When you’re writing a test (even more when you do TDD) mocks can replace complex interactions (yeah, those that OOP enables) or inexistent collaborators so you don’t need to care about the details of how things are done. I’ll use the same example Yegor used:

require 'spec_helper'
describe Employee do
  describe '#salary' do
    it 'return amount based on employee region' do
      region = double
      expect(region).to receive(:salary_by)
      employee ='Nelson', region)
      expect(employee.salary).to eq(5000)

In the example above you don’t have any idea of what region actually is or how it gets the salary information, I just describe how the interaction occurs.

For me the reason to use mocks is: represent the interaction between objects while programming for an interface not for an implementation.

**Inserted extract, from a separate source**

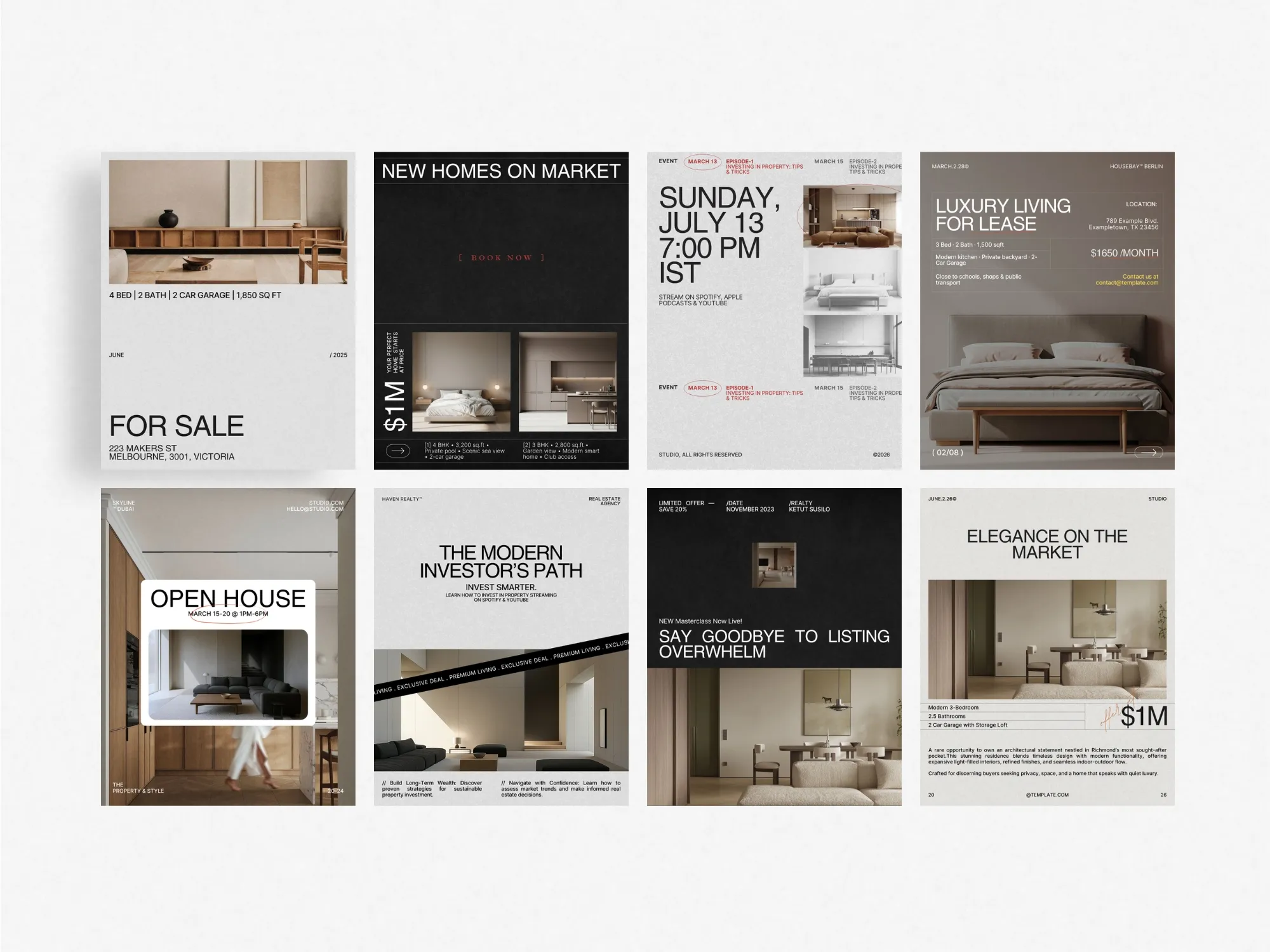 Dynamic and engaging real estate post bundle templates, perfect for capturing attention on Instagram and driving inquiries through professional layouts.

Programming to an interface enables the replacement of the region dependency with anything that responds to the salary_by message (I can even create a fake class, to hide region implementation, using a Hash for example) and defer the decision of which ORM, database or library I’d like to use to another team or just do it later.

You can only defer what you can control

But, in order to enable mocks hidden powers (or make them shine) you need to control them and that’s where mocking always goes wrong…

The Mock Roles, not Objects paper stabilish a set of simple rules (ok, not rules… guidelines) for mocks and the most important one (and ignored most of the time too), IMO, is: “Only Mock Types You Own”. Following this simple guideline you’ll always have to mock an interface created by you, which is most of the time simpler than the one exposed by a library (because of the level of abstraction it needs).

Simpler interfaces == easier to test and mantain (less public methods, less coupling and higher cohesion).

So, if you find yourself creating a mock that returns other mock or mocking a third-party library think twice, be sure that the operation shouldn’t be better encapsulated (maybe is a missing domain aspect in your app, for example) and don’t be afraid of changing it if you think a mock hell is knocking at your door (or can emerge soon).

Happy testing!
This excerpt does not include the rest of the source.